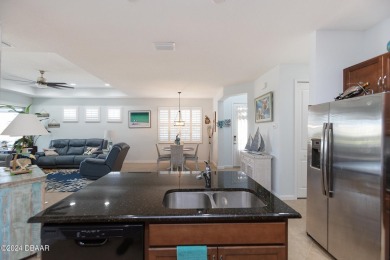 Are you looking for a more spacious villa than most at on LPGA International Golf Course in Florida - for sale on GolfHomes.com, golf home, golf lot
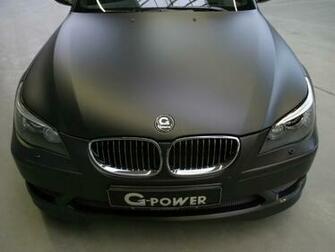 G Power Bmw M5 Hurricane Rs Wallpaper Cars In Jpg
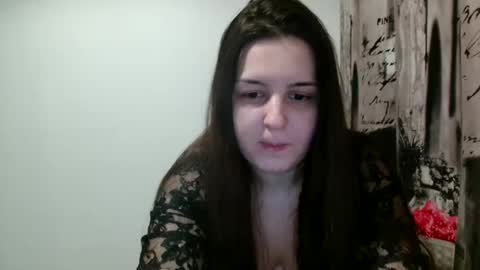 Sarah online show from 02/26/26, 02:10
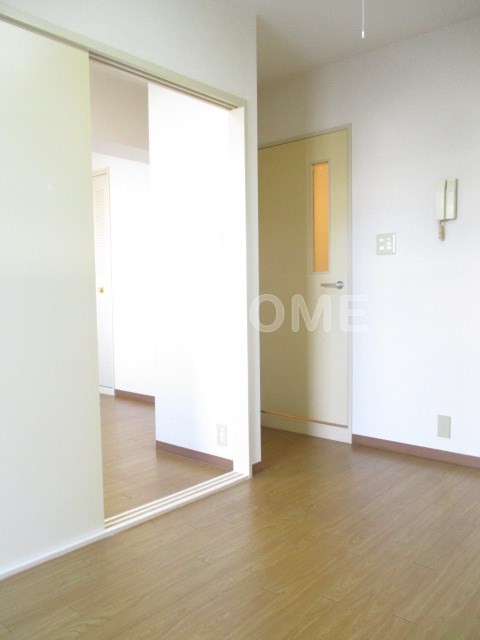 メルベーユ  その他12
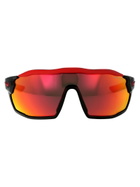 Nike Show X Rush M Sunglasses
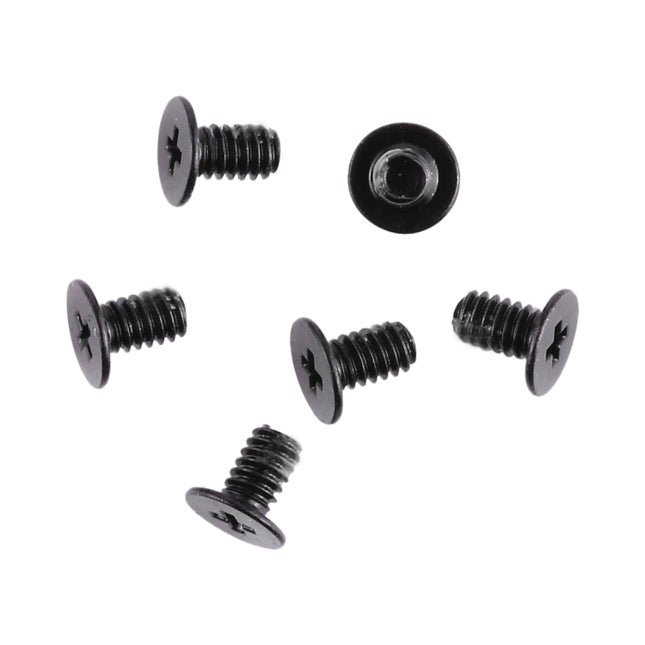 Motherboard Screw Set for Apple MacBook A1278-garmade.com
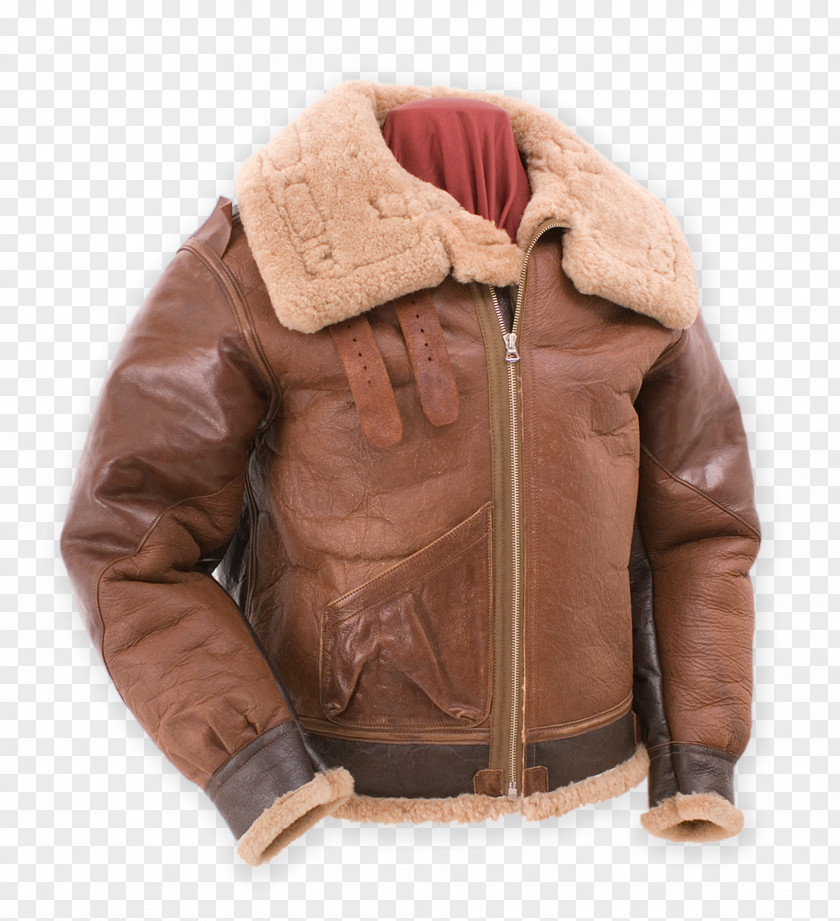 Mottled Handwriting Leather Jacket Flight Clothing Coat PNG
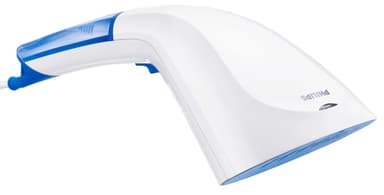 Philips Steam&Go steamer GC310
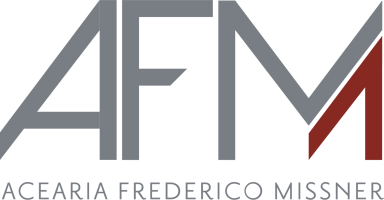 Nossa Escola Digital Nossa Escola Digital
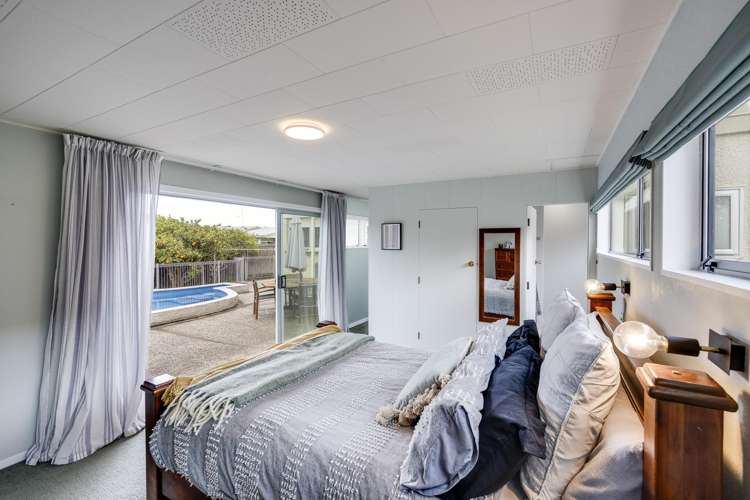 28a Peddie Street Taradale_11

-------------------------

Quote each line of the listing exactly, but leave the pictures out.

 Are you looking for a more spacious villa than most at on LPGA International Golf Course in Florida - for sale on GolfHomes.com, golf home, golf lot
 G Power Bmw M5 Hurricane Rs Wallpaper Cars In Jpg
 Sarah online show from 02/26/26, 02:10
 メルベーユ  その他12
 Nike Show X Rush M Sunglasses
 Motherboard Screw Set for Apple MacBook A1278-garmade.com
 Mottled Handwriting Leather Jacket Flight Clothing Coat PNG
 Philips Steam&Go steamer GC310
 Nossa Escola Digital Nossa Escola Digital
 28a Peddie Street Taradale_11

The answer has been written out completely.